Die Renaissance des Religiösen nach dem 11. September 2001 sollte laut Kirchschlager "für die Kirchen Chance und Verpflichtung sein, sich kompetent für den Frieden einzusetzen" - im theologischen Sinne ganzheitlich und nicht nur als Abwesenheit von Krieg.

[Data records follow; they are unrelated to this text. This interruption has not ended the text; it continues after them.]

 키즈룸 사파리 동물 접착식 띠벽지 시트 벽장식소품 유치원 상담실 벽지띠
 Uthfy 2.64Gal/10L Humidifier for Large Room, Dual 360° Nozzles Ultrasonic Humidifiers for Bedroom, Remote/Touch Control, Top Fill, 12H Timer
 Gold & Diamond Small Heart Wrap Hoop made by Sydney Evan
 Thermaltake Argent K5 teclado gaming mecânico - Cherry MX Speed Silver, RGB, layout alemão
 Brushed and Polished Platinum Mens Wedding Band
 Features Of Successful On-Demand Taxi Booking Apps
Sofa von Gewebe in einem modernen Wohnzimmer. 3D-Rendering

Die neue Denkschrift des Rates der Evangelischen Kirche in Deutschland (EKD) zum Frieden konnte Kirchschlager noch nicht heranziehen. "Wer den Frieden will, muss den Frieden vorbereiten", heißt es dort. Eine internationale Rechtsordnung müsse dem Vorrang ziviler Konfliktbearbeitung verpflichtet sein "und die Anwendung von Zwangsmitteln an strenge ethische und völkerrechtliche Kriterien binden". Auch der internationale Terrorismus rechtfertige keine Wiederbelebung der Lehre vom gerechten Krieg; dem Terrorismus könne und müsse vielmehr im Rahmen des Regelwerks der UN begegnet werden.

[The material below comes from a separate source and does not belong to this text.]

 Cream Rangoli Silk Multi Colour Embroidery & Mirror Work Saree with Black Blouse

Zu einer solchen Position bringt Kirchschlager allerdings zwei Kritikpunkte an. Zum einen werde die Macht der Vereinten Nationen in protestantischen Stellungnahmen häufig überschätzt. Zum anderen werde die Lehre vom gerechten Krieg abgelehnt und für erledigt erklärt. Doch die Kriterien für eine mögliche legitime Anwendung von Gewalt würde häufig weiterhin aus dieser Lehre bezogen. Dann soll dies aber auch entsprechend benannt werden: "Dass dies in ein Konzept vom gerechten Frieden eingebettet ist, kann dabei ja auch deutlich gemacht werden."
Kirchschlager, Bernd: Kirche und Friedenspolitik nach dem 11. September, Edition Ruprecht, geb., 304 Seiten, 39,90 Euro.
Denkschrift des Rates der EKD: "Aus Gottes Frieden leben - für gerechten Frieden sorgen", Gütersloher Verlagshaus, 128 Seiten, 5,95 Euro.